At this point in Israel’s journey, we know she has to have at least a couple million people. They’ve never counted everyone—to date, they’ve just taken a couple of censuses of men within certain age ranges. From Moses’ perspective, there are “countless thousands” (Num. 10:36).
It’s important to have a ballpark figure in mind so that we can grasp how massive and busy Israel’s camp would be. By the time all 13 tribes spread out around the center Tabernacle with their tents, herds and living spaces, we’re talking about a fair amount of space. In a camp this size, it would be impossible to keep a close eye on everyone. As the leader of the people Moses has his tent set up near the door of the Tabernacle and the Tabernacle was located in the center of the whole Israelite camp. From this position, he wouldn’t be aware of things happening on the outskirts of the camp until someone let him know.
Back in Leviticus 17, God complained to Moses about the Israelites making sacrifices to goat demons in the fields beyond the camp. Moses seemed to be unaware that this particular practice was happening at that time. Here in Numbers 11, Moses again appears to be oblivious when strange fires appear on the outskirts of the camp and start consuming people and things.
“Now the people complained about their hardships in the hearing of Yahweh, and when He heard them His anger was aroused.
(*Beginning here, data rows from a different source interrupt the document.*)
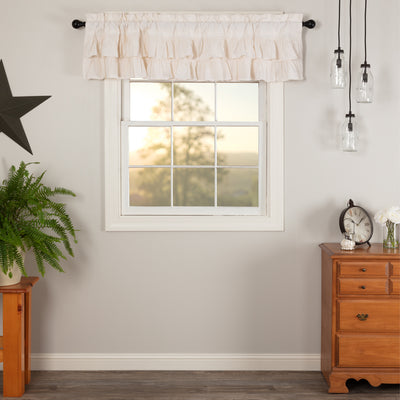 VHC Brands Simple Life 16 x 72 In Ruffled Valance Accent Curtain (Open Box) - VMInnovations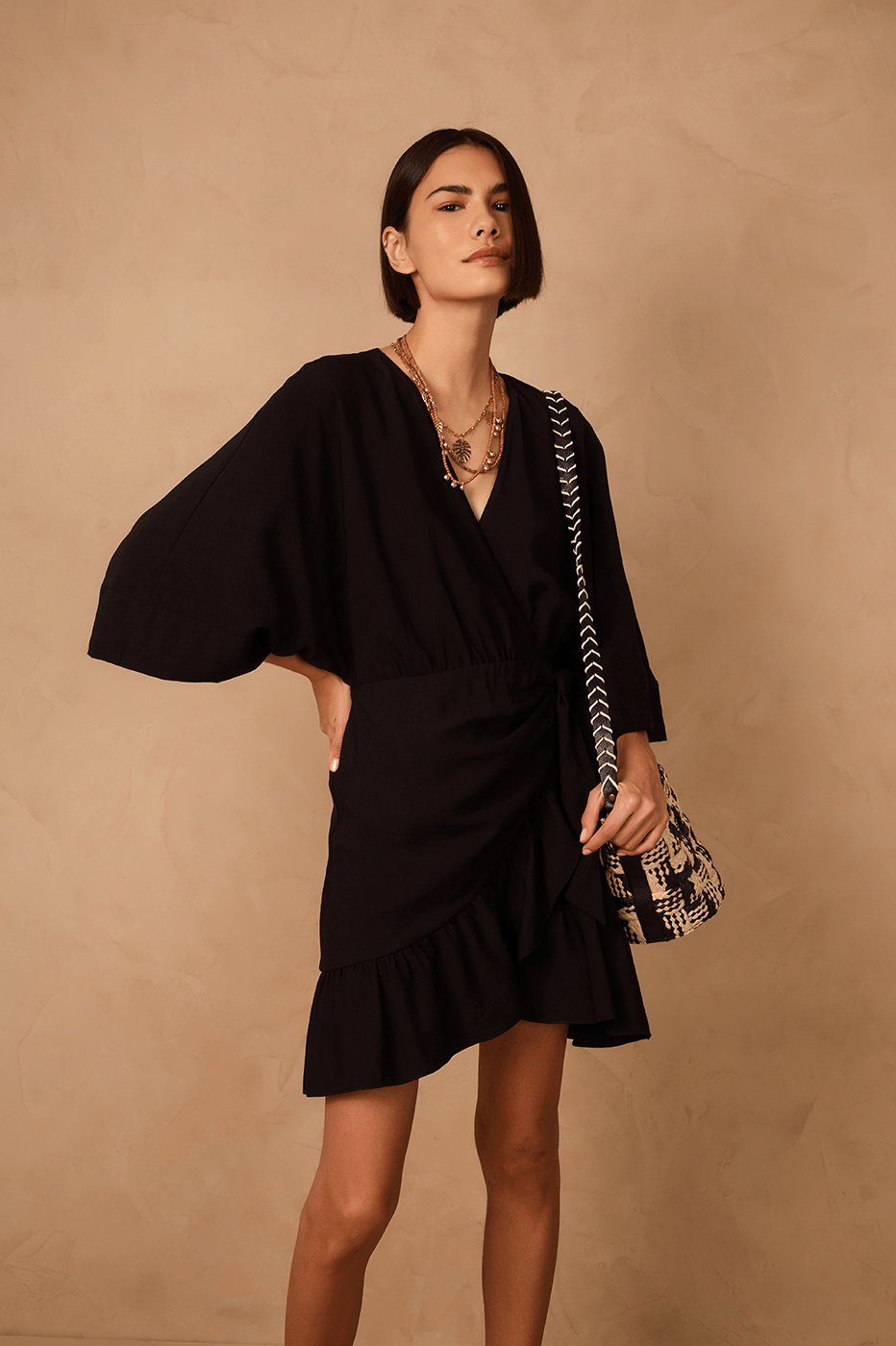Black Kimono Sleeves Wrap Mini Dress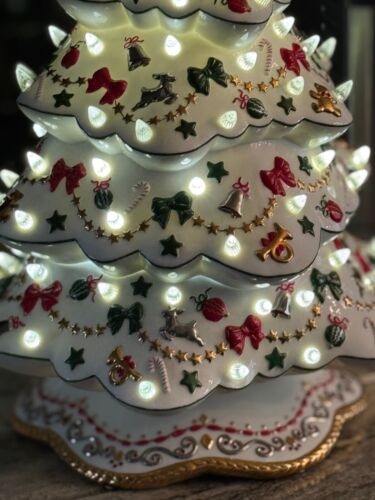 "Árbol mágico de Navidad Danbury vintage como nuevo porcelana blanca iluminada vacaciones 19""" - Imagen 2 de 22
Then fire from Yahweh burned among them and consumed some of the outskirts of the camp.” (Num. 11:1)
God is really enjoying the show until the people run to Moses in a panic.
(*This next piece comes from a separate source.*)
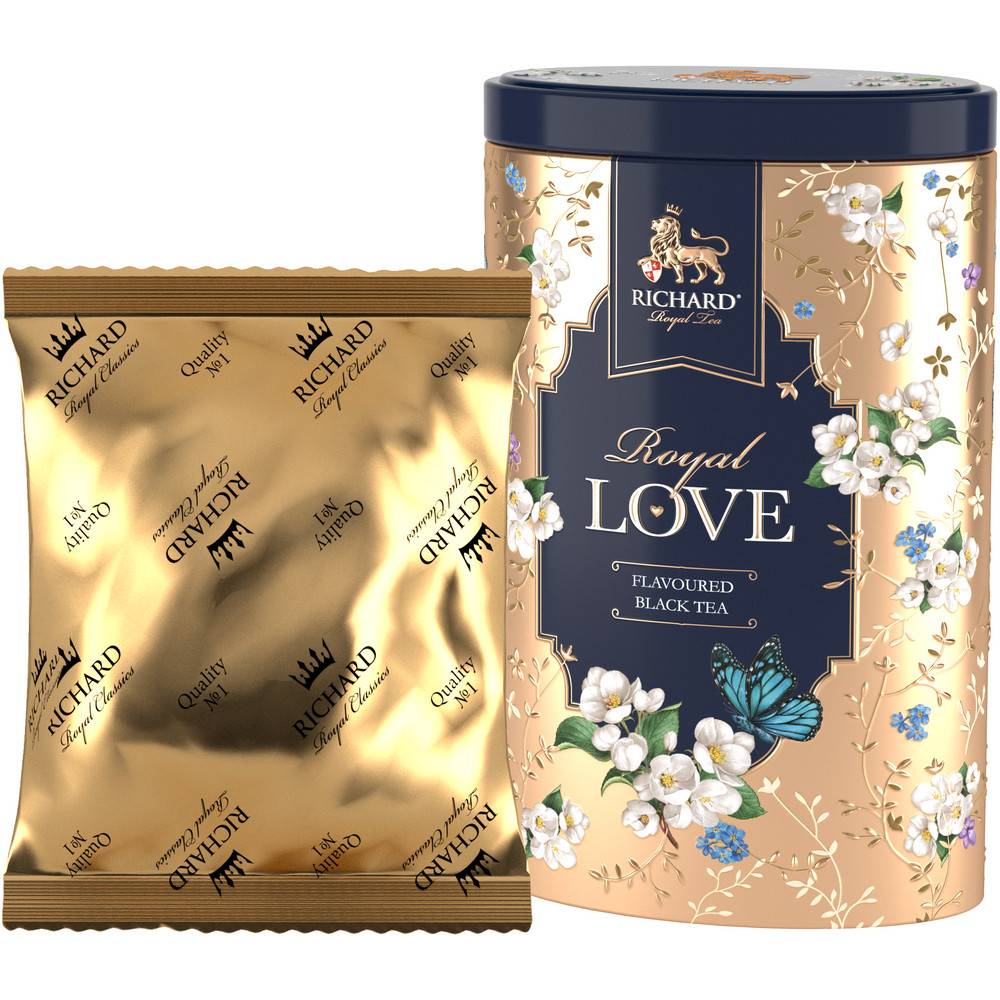 RICHARD Royal Love - Crni cejlonski čaj sa bergamotom, narandžom i vanilom, 80g rinfuz, GOLD metalna kutija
“When the people cried out to Moses, he prayed to Yahweh and the fire died down.” (Num. 11:2)
It’s easy to draw false conclusions from a passage like this. First, humans are incessant whiners. Christians who sincerely care about pleasing God can read this account and come away feeling anxious and guilty for all the times that they’ve complained. We must be constantly on guard against Satan who is always looking for ways to warp our image of God into something cruel and sadistic. God is not rubbing His hands together in Heaven just waiting for one of us to snivel so He can throw down a lightning bolt. There’s a big difference between wanting to please God but being pushed past your limit by a lack of grace and being eager to call God a big meanie.
The Bible is filled with examples of people complaining to God. The mystery is why God reacts to them so differently. One minute He becomes enraged and starts striking them dead, and the next minute He is gentle and sympathetic. Whenever we are trying to understand God’s reaction to something, we must remember that heart attitude is what carries the most weight with Him. God is always reacting to our internal behavior and core attitudes.
When Elijah was complaining about his hard lot as a prophet and begging God to kill him, God responded kindly by bringing him food and having him take a nap. This is because He saw that Elijah sincerely cared about pleasing Him. When the Israelites complained about desert life, God started frying them because He saw that their hearts were idolatrous and irreverent. Elijah was merely out of physical and emotional resources whereas the Israelites were taking delight in insulting God. We must remember that these are the same little brats who keep swearing allegiance to God while they refuse to throw out the idol gods that they brought with them from Egypt. These people are not only refusing to submit to God, they think they can rip on Him without consequences because He’s just another magic charm like their stupid idols. The fact that they’ve lived long enough to start another whining session in Numbers 11 proves how patient God is being with them, but now and then we see God encouraging Himself to press on by lightening His load a bit.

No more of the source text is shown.